As of this morning, every 5th grader at The Davis Academy has now officially chanted Torah publicly and in the midst of their Kehillah. The lead up to this milestone moment, the moment itself, and what it means for their future and for the future of the Jewish people all deserve special consideration.
I've said it before and I'll say it again: there is no greater honor than standing beside a child as he/she chants from the Torah for the first time. It is truly awesome. What makes it awesome isn't just the technical ability-- the Hebrew skills, the understanding of Torah trope, or things like that, but the undeniable appreciation of what the moment means for the child.
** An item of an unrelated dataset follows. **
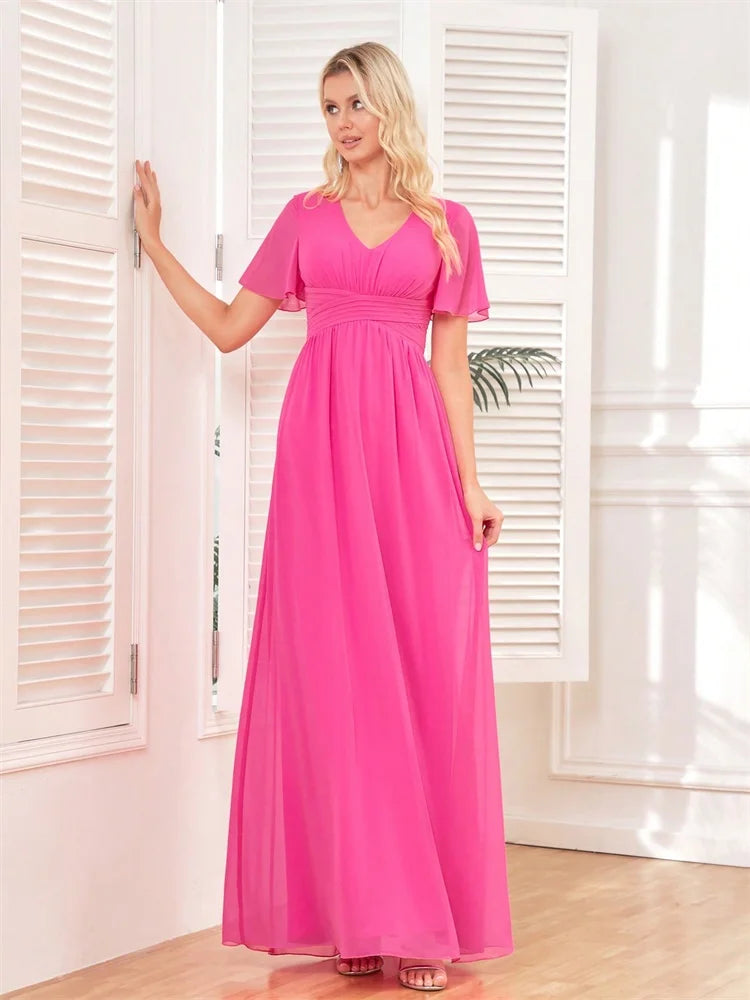 Blueplum Chiffon Pink Evening Dress - Elegant, Floor Length | Blue Plum - Blue Plum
Learning to chant Torah (and then actually chanting it publicly) involves a lot of skill acquisition. It's tough. But there's a deeper type of learning that is required. Children have to understand what Torah is, what it means to the Jewish people, and what it means to them at this point in their lives. They then have to figure out how to externalize this abstract and ultimately spiritual awareness. They have to cultivate the middah (the character trait) of Kavod ("honor") so that they don't approach the Torah as a task to be mastered, but as a relationship to be cherished and cultivated. Tough stuff for a 5th grader to say the least.
Like so many life moments, the moment when the child actually demonstrates their learning is a fleeting one. At most it takes 60-90 seconds for them to chant their passage. All the learning that has led up to it is what will hopefully sustain them and provoke them to continue to cultivate their Jewish identity.
What I'm most proud of here at The Davis Academy is that when our children approach the Torah for the first time they do so with a sense of pride, confidence and understanding. They do so already having begun to cultivate their relationship to their Jewish faith and heritage. This authenticity is essential to the future thriving of the Jewish people. Davis Academy students will, without a doubt, chant Torah many times over in their lives and may likely find themselves in communities where they are one of the few Jews who has the knowledge and the relationship to Torah to do so authentically. They will NEVER approach the Torah as something foreign or from a place of ignorance and, more than likely, they will expect the same for their own children and grandchildren.
The 5th grade Torah service demonstrates undeniably how The Davis Academy is not only impacting individual lives, but the course of the Jewish people's future.